Bishop and Confessor
- Born: Aquitania, Gaul
- Died: ca. 392 Agen, Aquitania, Gaul
- Venerated in: Roman Catholic Church
- Feast: April 25

= Phoebadius of Agen =

Phoebadius of Agen (also, Phaebadius, Foegadius, or, in French, Phébade; died ca. 392) was a Catholic bishop of the fourth century. At the Council of Ariminum in 359 and other councils, he was a supporter of Nicaean orthodoxy. He wrote several works, including a treatise against the Arians which still survives.

==Life==

Phoebadius was a Gaul by birth. It seems likely that he was born in the province of Aquitania, since Sulpicius Severus refers to him as Foegadius noster ("our" Foegadius, a variant spelling of Phoebadius's name). He may have even been born in Agen, where he was bishop. When he became bishop is not known. It was very likely after 347, since he is not listed among the Gallic bishops who were present at the Council of Serdica in that year, a fact noted by Tillemont. He was certainly a bishop by 357, however, which was the year that he and other bishops rejected the so-called second Sirmian Confession, a pro-Arian creed endorsed by Constantius II. Alban Butler notes that Phoebadius's opposition to that confession was so successful that "in Aquitan it was universally rejected."

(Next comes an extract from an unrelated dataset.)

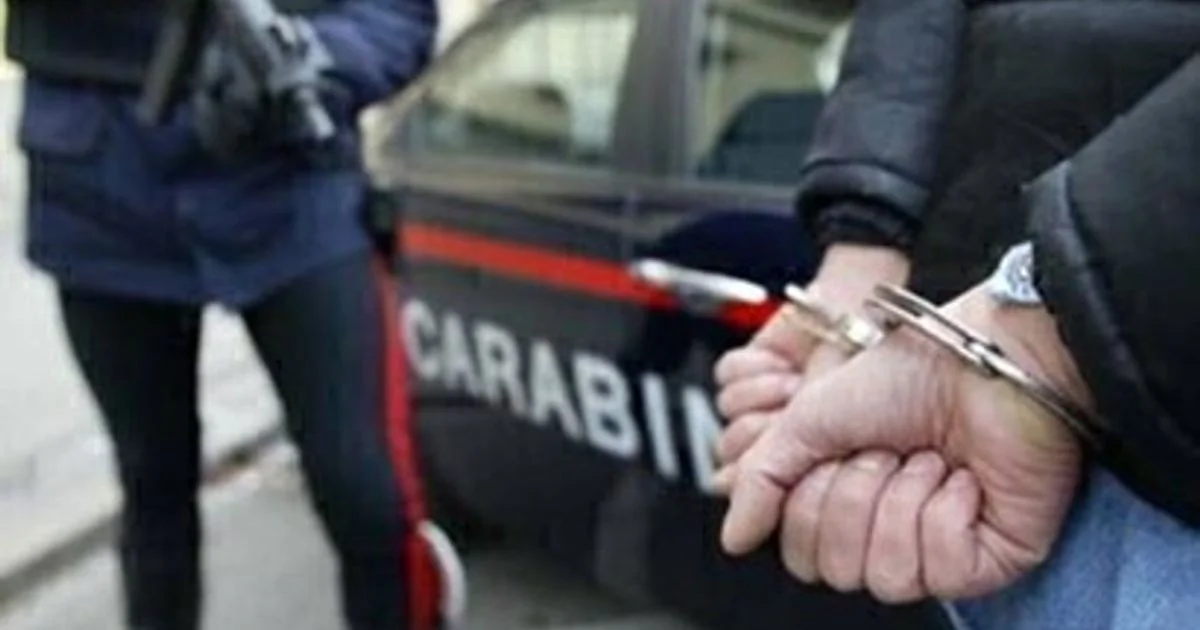 Blitz dos Carabinieri em Roma desmantela quadrilha de tráfico de droga, extorsões e plano para armas de guerra; 7 presos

In 357 Phoebadius published a treatise against the Arians. Commenting on this Liber contra Arianos, Butler remarks that it is "written in so masterly a manner, with such solidity, justness, and close reasoning, as to make us regret the loss of his other works." Phoebadius figured prominently at the Council of Rimini in 359, where, along with Servatius of Tongeren, he advocated for the Nicaean position against the Arians. When ambiguity in the creed was later discovered by Phoebadius, he disavowed the council and advocated against its authority.

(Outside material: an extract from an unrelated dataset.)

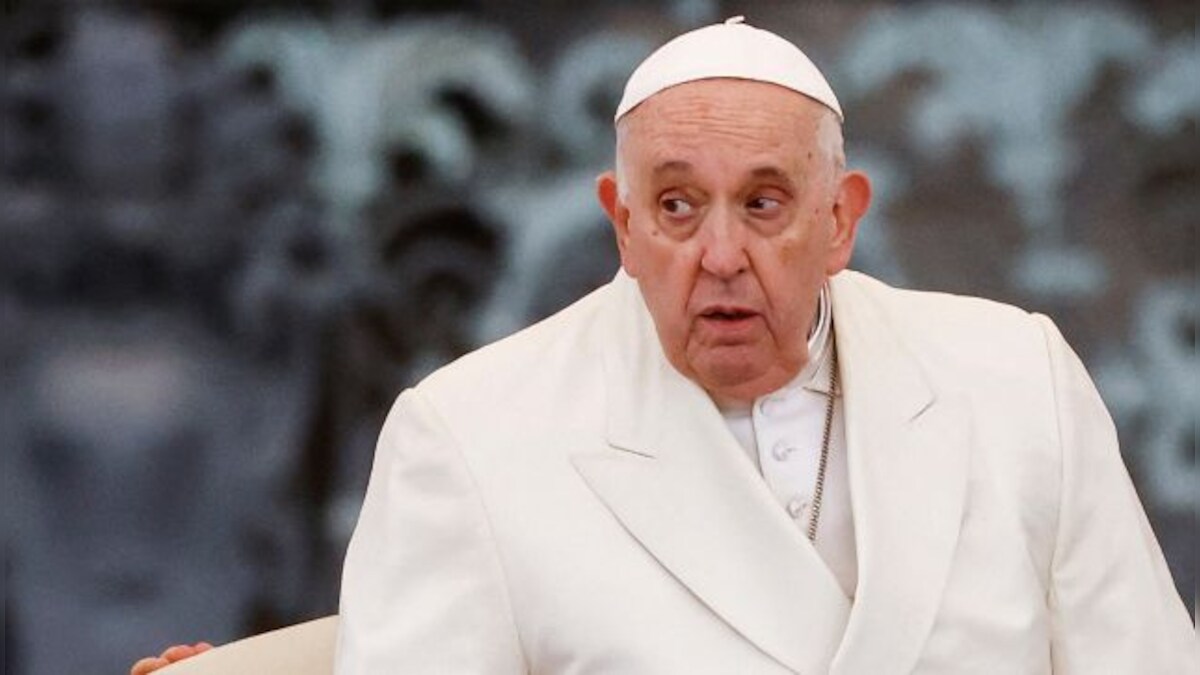 Pope Francis calls for humanitarian corridors for Gaza residents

He was a friend of Hilary of Poitiers, with whom he collaborated in fighting the influence of Arianism in Gaul.

Phoebadius attended several other councils after Ariminum. He was present at the Council of Paris in 360, at the Council of Valence convened by the emperor Valentinian I in 374, and at the Council of Saragossa convened by his son and successor Valentinian II in 380. His involvement in the Council of Valence is inferred by the name "Foegadius" which appears in the first place in the synodal letter of the council, but the name of a diocese is not provided, the texts do not say that he presided at the council, and is his name is not listed among the subscribers.

The year of his death is not known, but he was still living in 392. That is the year when Jerome wrote his work De viris illustribus, which mentions that Phoebadius was alive, although of an advanced age. The short biography provided by Jerome reads as follows:

Phoebadius, Agenni Galliarum episcopus, edidit contra Arianos librum. Dicuntur et eius alia esse opuscula, quae necdum legi. Vivit usque hodie decrepita senectute.
"Phoebadius, bishop of Agen, in Gaul, published a book Against the Arians. There are said to be other works by him, which I have not yet read. He is still living, infirm with age."

The feast day of Phoebadius is celebrated on April 25 in the Diocese of Agen.